---------- DATA SHOWN ----------

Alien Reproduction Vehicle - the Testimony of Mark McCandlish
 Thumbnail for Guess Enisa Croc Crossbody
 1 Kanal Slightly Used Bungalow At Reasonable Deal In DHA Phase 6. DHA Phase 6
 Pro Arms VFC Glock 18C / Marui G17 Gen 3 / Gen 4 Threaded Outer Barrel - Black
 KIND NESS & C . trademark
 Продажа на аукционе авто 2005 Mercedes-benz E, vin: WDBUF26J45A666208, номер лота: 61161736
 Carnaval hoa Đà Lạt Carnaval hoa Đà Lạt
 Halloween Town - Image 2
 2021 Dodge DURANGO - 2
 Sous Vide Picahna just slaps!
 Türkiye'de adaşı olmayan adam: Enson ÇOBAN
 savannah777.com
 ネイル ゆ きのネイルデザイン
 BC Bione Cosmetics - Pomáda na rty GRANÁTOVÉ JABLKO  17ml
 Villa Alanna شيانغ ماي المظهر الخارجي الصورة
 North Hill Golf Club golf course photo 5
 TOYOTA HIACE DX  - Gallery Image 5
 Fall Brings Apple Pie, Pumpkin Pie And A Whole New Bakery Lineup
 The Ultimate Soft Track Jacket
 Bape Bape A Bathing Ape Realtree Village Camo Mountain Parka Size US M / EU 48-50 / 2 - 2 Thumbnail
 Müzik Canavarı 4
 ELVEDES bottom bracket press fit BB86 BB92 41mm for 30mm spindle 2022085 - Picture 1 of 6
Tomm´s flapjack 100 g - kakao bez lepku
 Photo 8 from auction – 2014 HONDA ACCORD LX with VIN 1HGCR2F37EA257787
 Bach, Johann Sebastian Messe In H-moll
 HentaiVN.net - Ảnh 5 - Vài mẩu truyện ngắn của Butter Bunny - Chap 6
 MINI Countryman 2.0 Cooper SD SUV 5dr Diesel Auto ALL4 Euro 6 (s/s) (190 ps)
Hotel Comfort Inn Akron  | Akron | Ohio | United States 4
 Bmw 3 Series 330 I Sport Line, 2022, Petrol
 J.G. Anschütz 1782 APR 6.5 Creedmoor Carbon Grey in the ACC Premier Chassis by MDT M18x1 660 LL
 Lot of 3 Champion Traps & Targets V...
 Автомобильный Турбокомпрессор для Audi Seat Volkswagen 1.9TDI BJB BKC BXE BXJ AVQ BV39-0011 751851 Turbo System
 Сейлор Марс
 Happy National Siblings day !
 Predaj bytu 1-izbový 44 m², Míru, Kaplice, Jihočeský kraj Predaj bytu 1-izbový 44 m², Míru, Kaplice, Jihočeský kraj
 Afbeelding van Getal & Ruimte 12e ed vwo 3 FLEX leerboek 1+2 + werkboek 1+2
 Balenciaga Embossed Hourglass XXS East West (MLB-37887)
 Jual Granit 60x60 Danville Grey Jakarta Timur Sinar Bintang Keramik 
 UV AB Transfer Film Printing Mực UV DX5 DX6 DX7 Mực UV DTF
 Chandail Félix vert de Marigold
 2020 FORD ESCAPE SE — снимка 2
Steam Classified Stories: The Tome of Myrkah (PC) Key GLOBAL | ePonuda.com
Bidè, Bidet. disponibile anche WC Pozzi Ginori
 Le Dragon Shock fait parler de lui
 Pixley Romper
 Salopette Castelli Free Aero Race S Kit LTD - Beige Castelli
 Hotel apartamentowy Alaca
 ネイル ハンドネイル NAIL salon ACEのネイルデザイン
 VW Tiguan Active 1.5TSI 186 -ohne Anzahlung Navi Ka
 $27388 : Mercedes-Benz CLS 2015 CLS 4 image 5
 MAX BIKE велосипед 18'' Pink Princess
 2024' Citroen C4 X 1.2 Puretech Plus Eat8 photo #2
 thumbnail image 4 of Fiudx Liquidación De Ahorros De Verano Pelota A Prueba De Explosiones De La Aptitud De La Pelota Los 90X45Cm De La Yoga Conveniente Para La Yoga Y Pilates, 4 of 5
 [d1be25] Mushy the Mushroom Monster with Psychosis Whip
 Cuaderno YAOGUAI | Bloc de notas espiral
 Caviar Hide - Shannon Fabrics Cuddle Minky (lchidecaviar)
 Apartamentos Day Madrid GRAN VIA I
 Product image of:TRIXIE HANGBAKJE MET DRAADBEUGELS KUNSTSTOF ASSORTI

----------

Return all of the entries word for word.

Alien Reproduction Vehicle - the Testimony of Mark McCandlish
 Thumbnail for Guess Enisa Croc Crossbody
 1 Kanal Slightly Used Bungalow At Reasonable Deal In DHA Phase 6. DHA Phase 6
 Pro Arms VFC Glock 18C / Marui G17 Gen 3 / Gen 4 Threaded Outer Barrel - Black
 KIND NESS & C . trademark
 Продажа на аукционе авто 2005 Mercedes-benz E, vin: WDBUF26J45A666208, номер лота: 61161736
 Carnaval hoa Đà Lạt Carnaval hoa Đà Lạt
 Halloween Town - Image 2
 2021 Dodge DURANGO - 2
 Sous Vide Picahna just slaps!
 Türkiye'de adaşı olmayan adam: Enson ÇOBAN
 savannah777.com
 ネイル ゆ きのネイルデザイン
 BC Bione Cosmetics - Pomáda na rty GRANÁTOVÉ JABLKO  17ml
 Villa Alanna شيانغ ماي المظهر الخارجي الصورة
 North Hill Golf Club golf course photo 5
 TOYOTA HIACE DX  - Gallery Image 5
 Fall Brings Apple Pie, Pumpkin Pie And A Whole New Bakery Lineup
 The Ultimate Soft Track Jacket
 Bape Bape A Bathing Ape Realtree Village Camo Mountain Parka Size US M / EU 48-50 / 2 - 2 Thumbnail
 Müzik Canavarı 4
 ELVEDES bottom bracket press fit BB86 BB92 41mm for 30mm spindle 2022085 - Picture 1 of 6
Tomm´s flapjack 100 g - kakao bez lepku
 Photo 8 from auction – 2014 HONDA ACCORD LX with VIN 1HGCR2F37EA257787
 Bach, Johann Sebastian Messe In H-moll
 HentaiVN.net - Ảnh 5 - Vài mẩu truyện ngắn của Butter Bunny - Chap 6
 MINI Countryman 2.0 Cooper SD SUV 5dr Diesel Auto ALL4 Euro 6 (s/s) (190 ps)
Hotel Comfort Inn Akron  | Akron | Ohio | United States 4
 Bmw 3 Series 330 I Sport Line, 2022, Petrol
 J.G. Anschütz 1782 APR 6.5 Creedmoor Carbon Grey in the ACC Premier Chassis by MDT M18x1 660 LL
 Lot of 3 Champion Traps & Targets V...
 Автомобильный Турбокомпрессор для Audi Seat Volkswagen 1.9TDI BJB BKC BXE BXJ AVQ BV39-0011 751851 Turbo System
 Сейлор Марс
 Happy National Siblings day !
 Predaj bytu 1-izbový 44 m², Míru, Kaplice, Jihočeský kraj Predaj bytu 1-izbový 44 m², Míru, Kaplice, Jihočeský kraj
 Afbeelding van Getal & Ruimte 12e ed vwo 3 FLEX leerboek 1+2 + werkboek 1+2
 Balenciaga Embossed Hourglass XXS East West (MLB-37887)
 Jual Granit 60x60 Danville Grey Jakarta Timur Sinar Bintang Keramik 
 UV AB Transfer Film Printing Mực UV DX5 DX6 DX7 Mực UV DTF
 Chandail Félix vert de Marigold
 2020 FORD ESCAPE SE — снимка 2
Steam Classified Stories: The Tome of Myrkah (PC) Key GLOBAL | ePonuda.com
Bidè, Bidet. disponibile anche WC Pozzi Ginori
 Le Dragon Shock fait parler de lui
 Pixley Romper
 Salopette Castelli Free Aero Race S Kit LTD - Beige Castelli
 Hotel apartamentowy Alaca
 ネイル ハンドネイル NAIL salon ACEのネイルデザイン
 VW Tiguan Active 1.5TSI 186 -ohne Anzahlung Navi Ka
 $27388 : Mercedes-Benz CLS 2015 CLS 4 image 5
 MAX BIKE велосипед 18'' Pink Princess
 2024' Citroen C4 X 1.2 Puretech Plus Eat8 photo #2
 thumbnail image 4 of Fiudx Liquidación De Ahorros De Verano Pelota A Prueba De Explosiones De La Aptitud De La Pelota Los 90X45Cm De La Yoga Conveniente Para La Yoga Y Pilates, 4 of 5
 [d1be25] Mushy the Mushroom Monster with Psychosis Whip
 Cuaderno YAOGUAI | Bloc de notas espiral
 Caviar Hide - Shannon Fabrics Cuddle Minky (lchidecaviar)
 Apartamentos Day Madrid GRAN VIA I
 Product image of:TRIXIE HANGBAKJE MET DRAADBEUGELS KUNSTSTOF ASSORTI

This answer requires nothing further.